PICARD: A New Cloud Platform For Secure Data Needs
Computational social science often depends on large datasets that may contain sensitive or proprietary information. However, universities frequently lack the infrastructure needed to support these datasets, leading researchers to create ad hoc solutions that are often inefficient, insecure, and the result of unnecessary trial and error.
To address this gap, DDSS has developed a new, shareable research platform for social scientists, combining strong security with scalable computing power. In partnership with Databricks and Amazon Web Services, the platform can host massive structured or unstructured datasets, allowing researchers to securely and easily share data.
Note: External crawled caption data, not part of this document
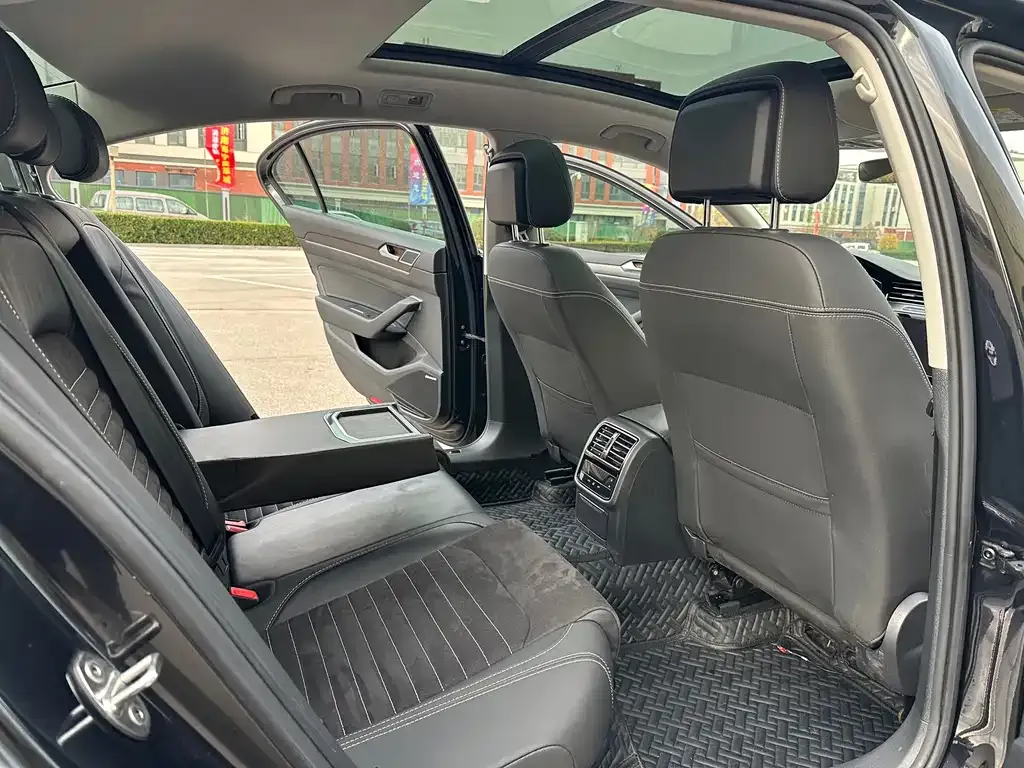 Volkswagen Magotan 2021 из CN, фото 10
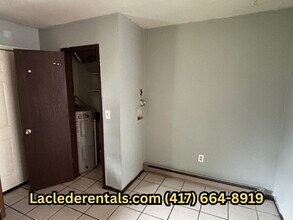 613 Nelson Ct in Lebanon, MO - Building Photo - Building Photo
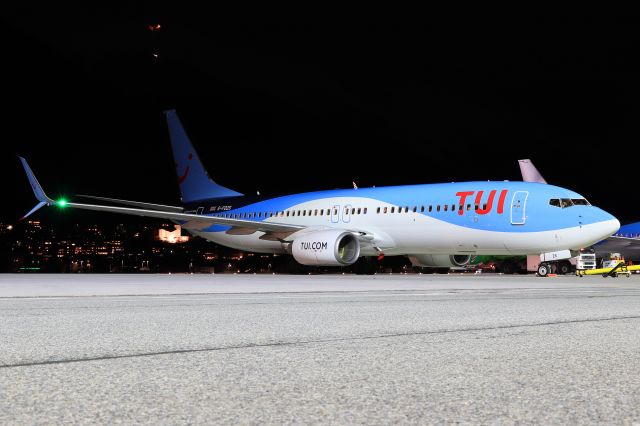 Boeing 737-800 (G-FDZS)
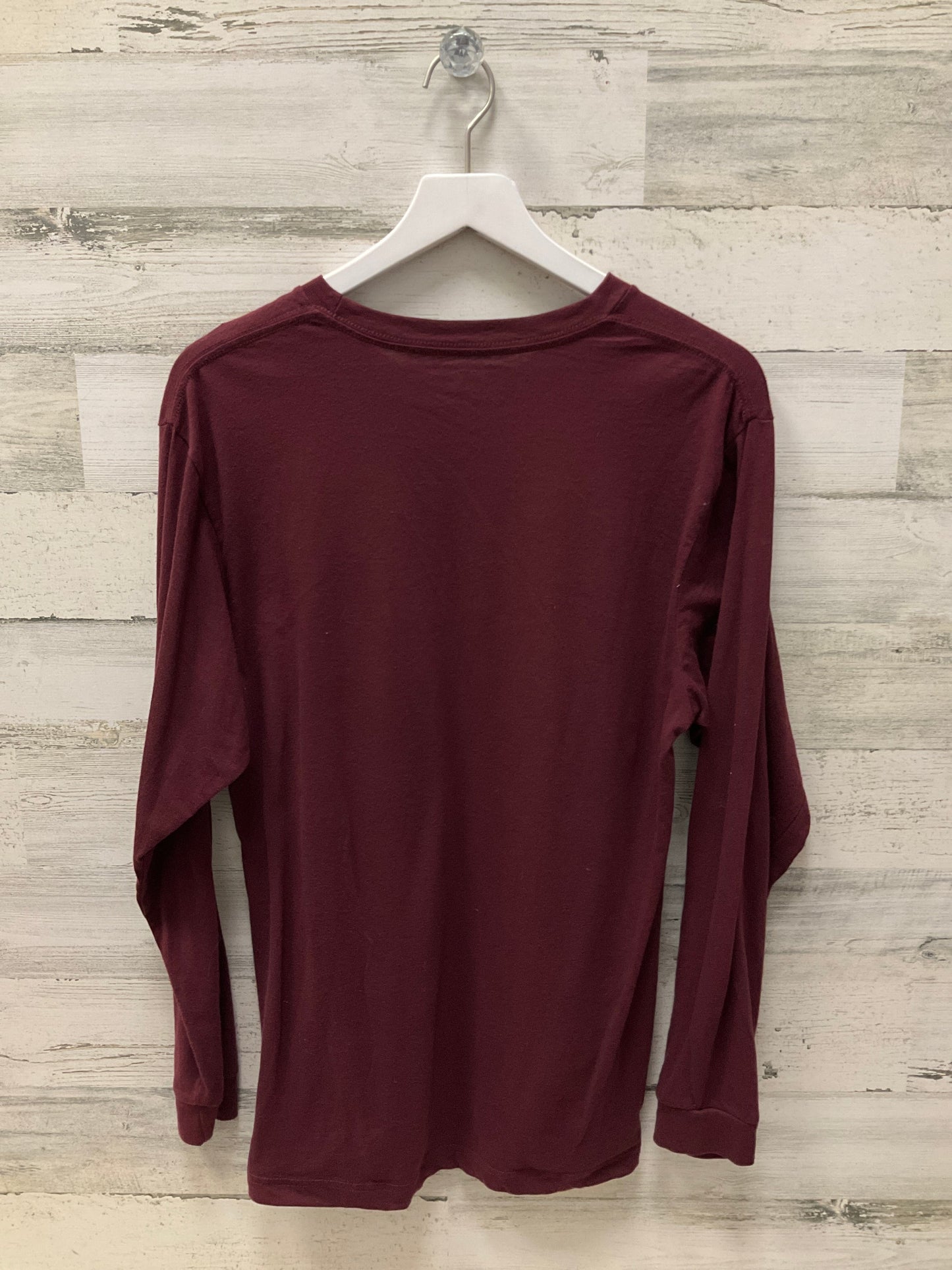 Holiday Top Long Sleeve By Clothes Mentor  Size: M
It also offers on-demand computational resources to handle even the most demanding research tasks.
The Platform for Interactive Computation and Research Data (PICARD) supports the secure storage, access, and usage of large observational social science datasets containing identifiable private information, or personally identifiable information (PII). It excludes data marked as Controlled Unclassified Information (CUI).
Engineers: Eric Manning, Colin Swaney
Accessing Our Data
Currently, faculty, graduate students, and postdoctoral researchers can apply to access:
L2 Voter File: Standardized compilation of states’ voter registration files augmented with consumer data. Contains only registered voters. Standardized data begins in 2013. Raw data for some states available beginning in early 2000s.
L2 Commercial File: U.S. adults (i.e., including adults not registered to vote; excluding any vote history). Consumer data not sourced from any voter registration files.
Verisk Consumer History Snapshot: Address, name, and phone history for up to the last ten addresses and/or 30 years.